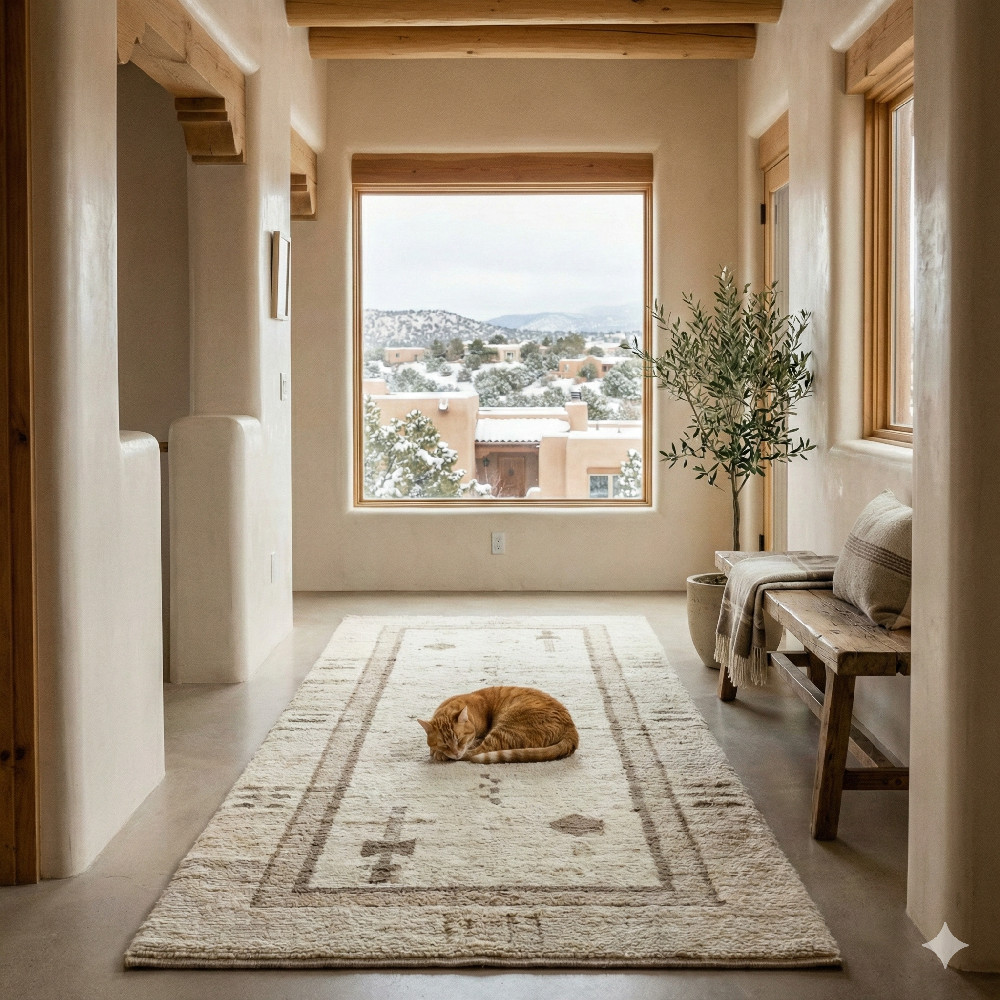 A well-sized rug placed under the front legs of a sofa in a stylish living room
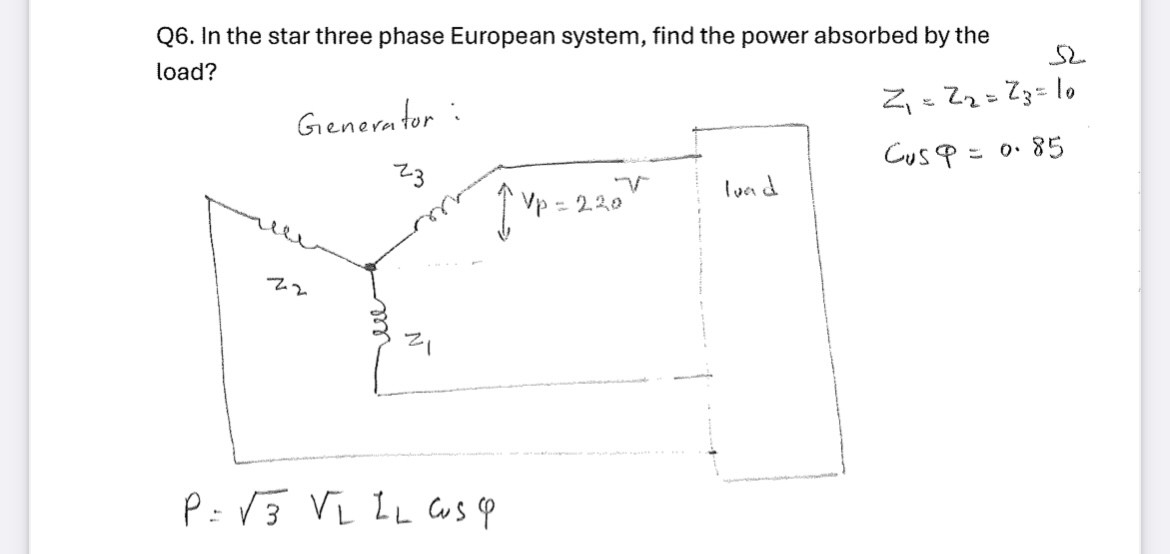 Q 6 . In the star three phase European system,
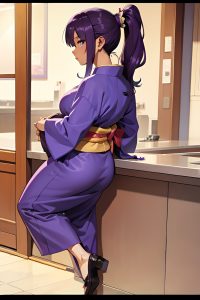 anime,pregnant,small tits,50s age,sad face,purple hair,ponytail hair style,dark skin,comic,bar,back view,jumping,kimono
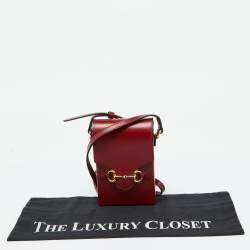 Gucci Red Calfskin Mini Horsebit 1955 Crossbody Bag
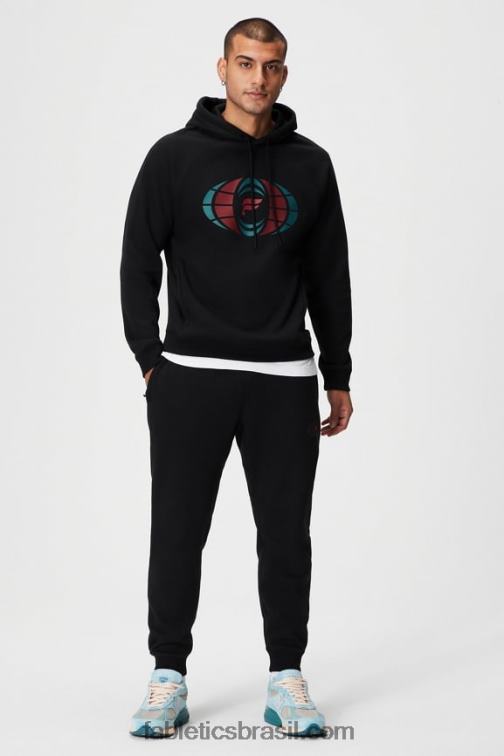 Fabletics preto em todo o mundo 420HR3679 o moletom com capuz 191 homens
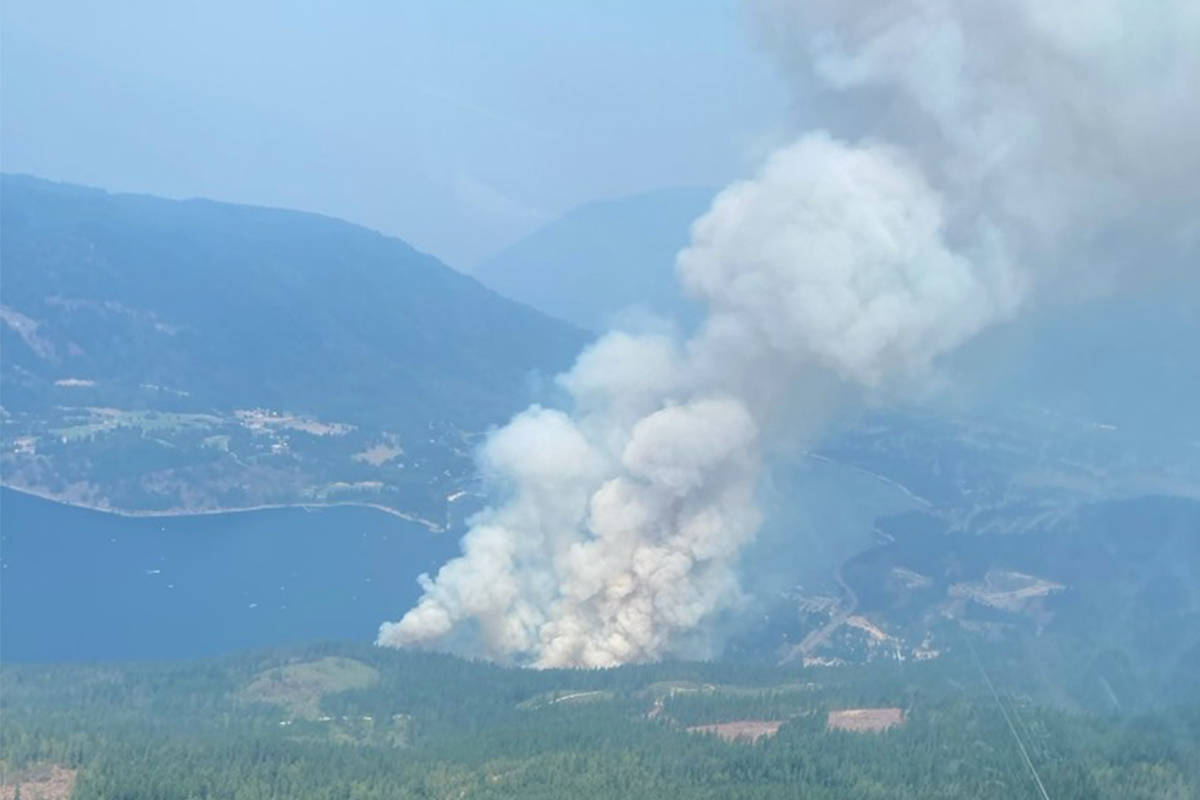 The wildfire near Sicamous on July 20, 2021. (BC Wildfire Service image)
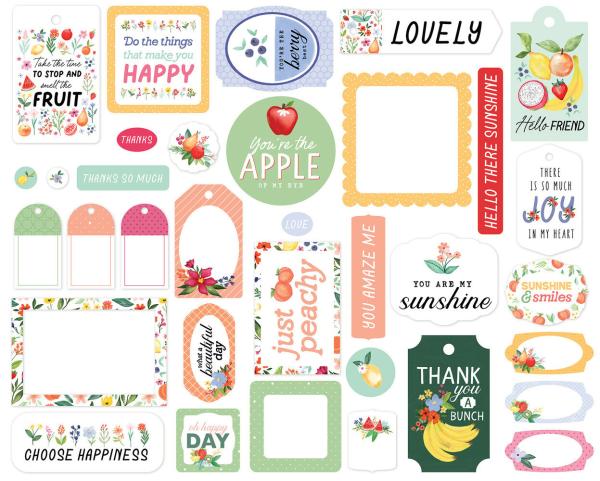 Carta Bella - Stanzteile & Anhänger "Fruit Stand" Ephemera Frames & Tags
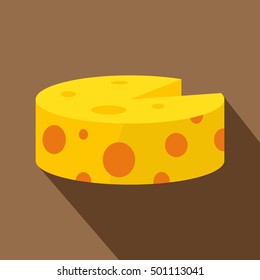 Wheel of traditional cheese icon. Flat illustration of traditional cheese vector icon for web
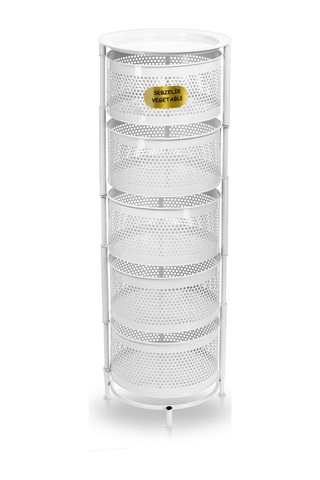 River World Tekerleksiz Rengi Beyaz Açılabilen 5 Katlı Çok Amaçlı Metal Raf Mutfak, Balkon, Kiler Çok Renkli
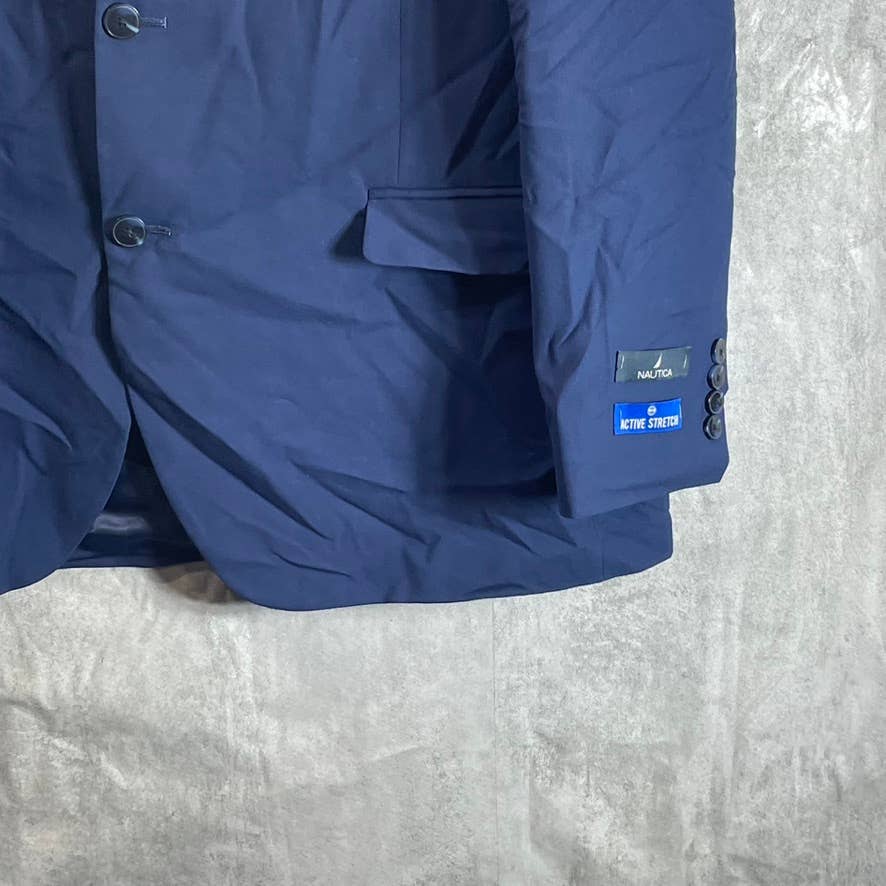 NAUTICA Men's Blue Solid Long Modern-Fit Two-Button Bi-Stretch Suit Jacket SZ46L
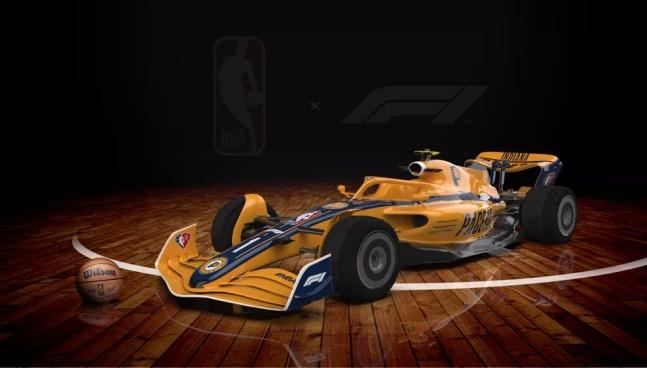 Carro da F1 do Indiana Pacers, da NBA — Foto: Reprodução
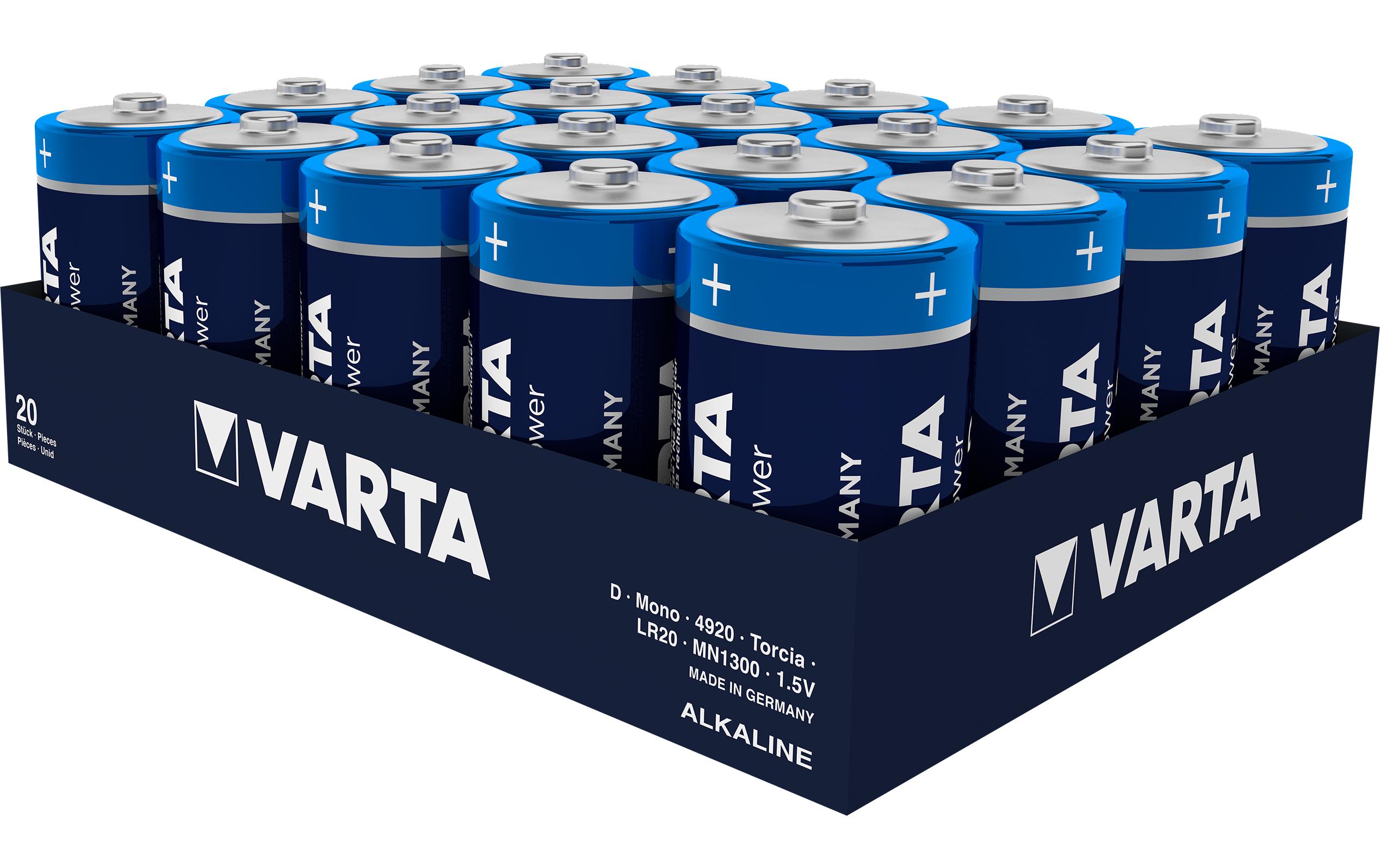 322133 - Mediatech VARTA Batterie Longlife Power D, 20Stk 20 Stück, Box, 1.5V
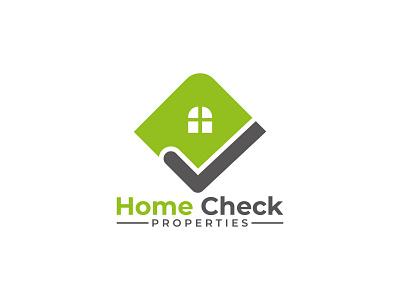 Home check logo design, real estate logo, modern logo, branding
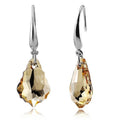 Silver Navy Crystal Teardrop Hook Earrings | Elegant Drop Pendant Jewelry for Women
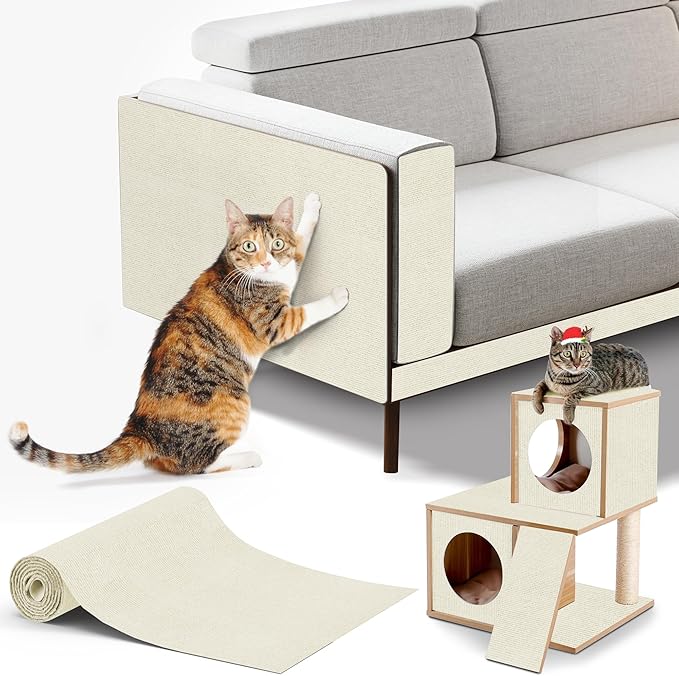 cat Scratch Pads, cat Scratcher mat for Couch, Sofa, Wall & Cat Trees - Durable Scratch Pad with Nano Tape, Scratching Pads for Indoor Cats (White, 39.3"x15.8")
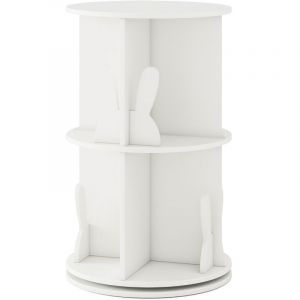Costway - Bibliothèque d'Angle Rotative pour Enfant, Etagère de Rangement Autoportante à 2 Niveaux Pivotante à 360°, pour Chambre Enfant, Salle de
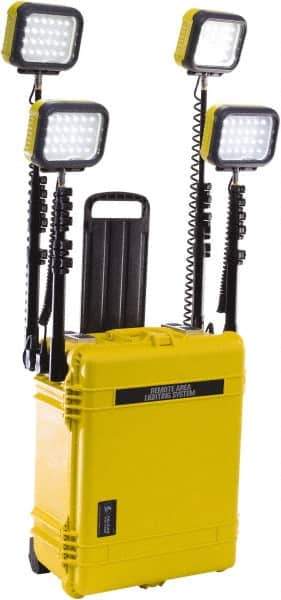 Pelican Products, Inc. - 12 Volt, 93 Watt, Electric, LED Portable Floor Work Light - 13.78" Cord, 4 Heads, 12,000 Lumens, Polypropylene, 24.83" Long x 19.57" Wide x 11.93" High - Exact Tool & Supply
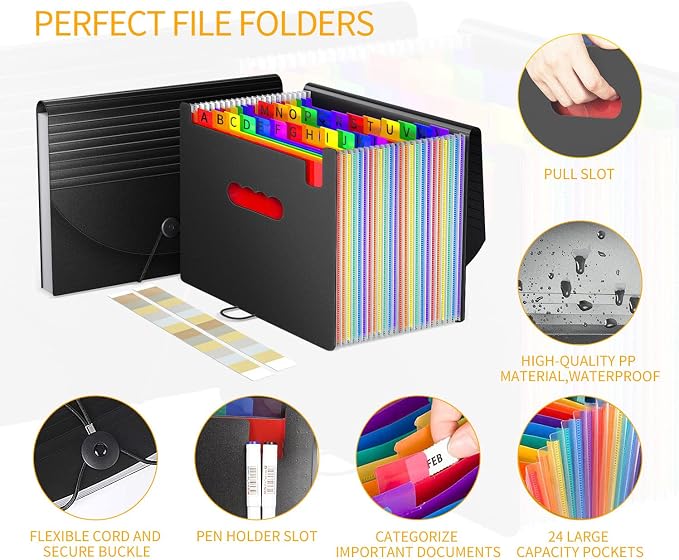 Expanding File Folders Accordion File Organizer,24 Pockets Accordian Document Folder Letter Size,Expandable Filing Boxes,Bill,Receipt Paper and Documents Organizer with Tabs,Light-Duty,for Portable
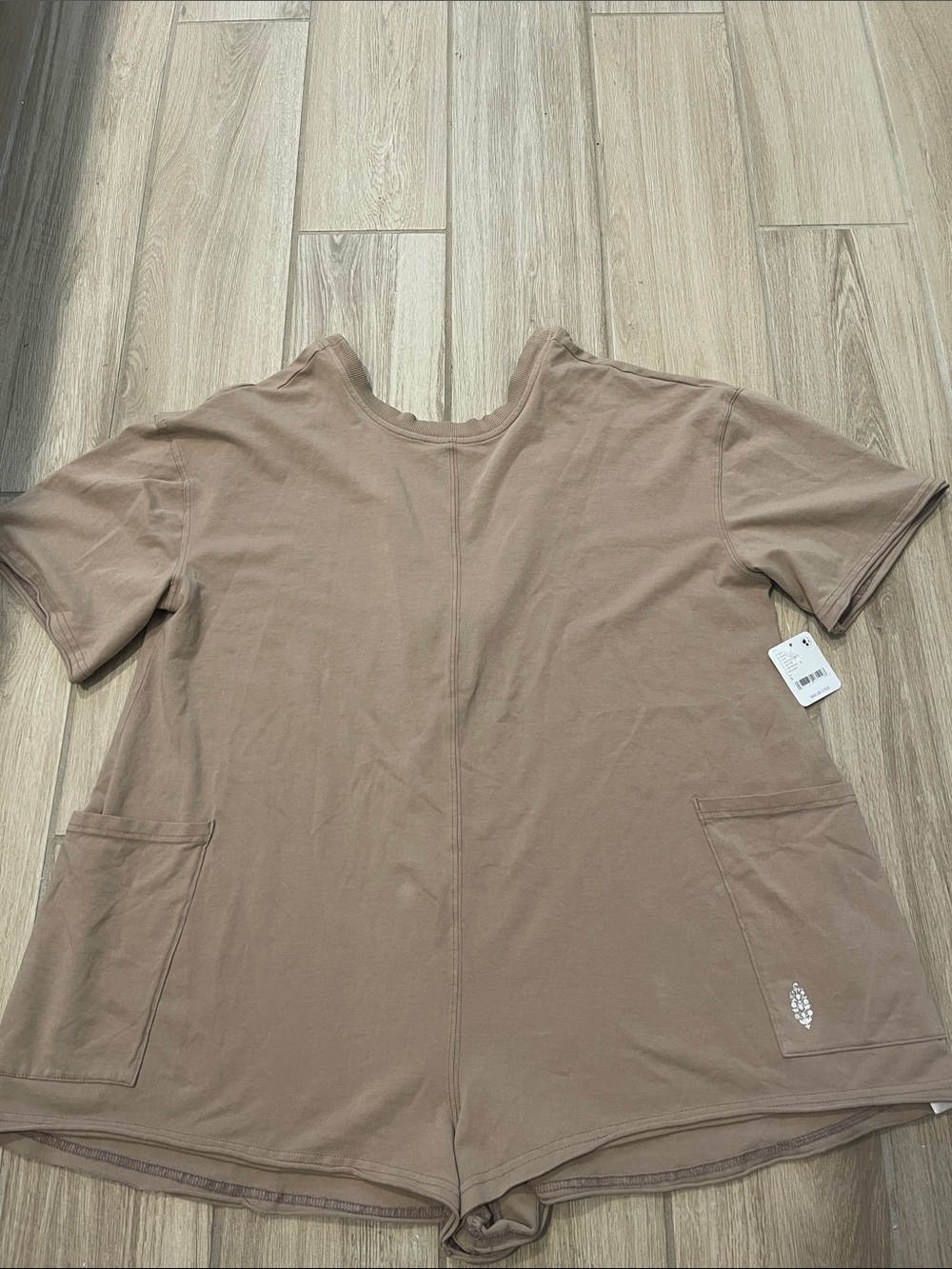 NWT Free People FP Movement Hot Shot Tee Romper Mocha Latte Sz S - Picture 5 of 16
□ □ □ □ □
**Exercise goal**
Restate word for word, please, the line containing "Expanding File Folders" and all lines after it through the end of the material; the pictures do not belong in the copy.

**Solution for this exercise**
 Expanding File Folders Accordion File Organizer,24 Pockets Accordian Document Folder Letter Size,Expandable Filing Boxes,Bill,Receipt Paper and Documents Organizer with Tabs,Light-Duty,for Portable
 NWT Free People FP Movement Hot Shot Tee Romper Mocha Latte Sz S - Picture 5 of 16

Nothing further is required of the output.